[Dataset section]

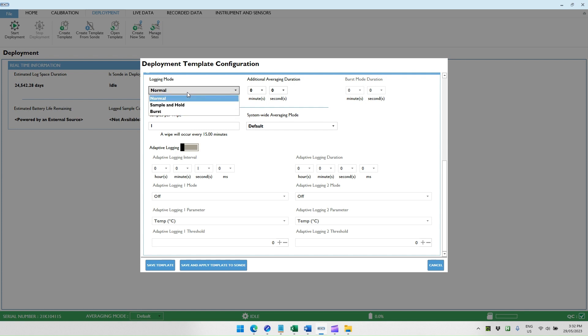To fix that, we use the sample and hold logging mode. The sample and hold logging mode means that when the sonde takes a measurement according to its internal schedule, it records the data and holds that data available to the AI-1 for when the AI-1 requests a measurement. If the sonde is measuring every 15 minutes and then the AI-1 comes along and requests a measurement, it will provide the most recent measurement to the AI-1. This means it is not causing a conflict between the sonde wanting to do a measurement and the AI-1 wanting to do a wipe because the AI-1 just receives a previously held value. We highly recommend that you use sample and hold.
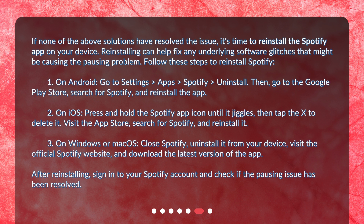On iOS, press and hold the Spotify app icon until it jiggles, then tap the X to delete it. Visit the App Store, search for Spotify, and reinstall it. On Windows or macOS, close Spotify, uninstall it from your device, visit the official Spotify website, and download the latest version of the app. After reinstalling, sign in to your Spotify account and check if the pausing issue has been resolved.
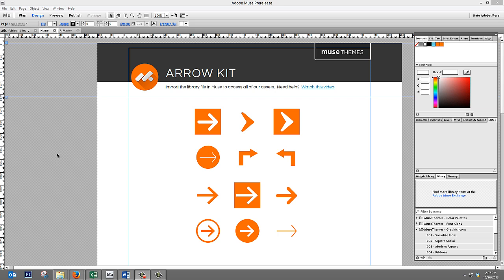Hey, it's Steve Harris from Muse Themes. I just wanted to do a very quick tutorial here on how to recolor some of these elements and images that we've now included in our new library files.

[/Dataset section]

» **Exercise details**: Hand back every line of the material, exactly, without the pictures.

» **Response to this task**:
To fix that, we use the sample and hold logging mode. The sample and hold logging mode means that when the sonde takes a measurement according to its internal schedule, it records the data and holds that data available to the AI-1 for when the AI-1 requests a measurement. If the sonde is measuring every 15 minutes and then the AI-1 comes along and requests a measurement, it will provide the most recent measurement to the AI-1. This means it is not causing a conflict between the sonde wanting to do a measurement and the AI-1 wanting to do a wipe because the AI-1 just receives a previously held value. We highly recommend that you use sample and hold.
On iOS, press and hold the Spotify app icon until it jiggles, then tap the X to delete it. Visit the App Store, search for Spotify, and reinstall it. On Windows or macOS, close Spotify, uninstall it from your device, visit the official Spotify website, and download the latest version of the app. After reinstalling, sign in to your Spotify account and check if the pausing issue has been resolved.
Hey, it's Steve Harris from Muse Themes. I just wanted to do a very quick tutorial here on how to recolor some of these elements and images that we've now included in our new library files.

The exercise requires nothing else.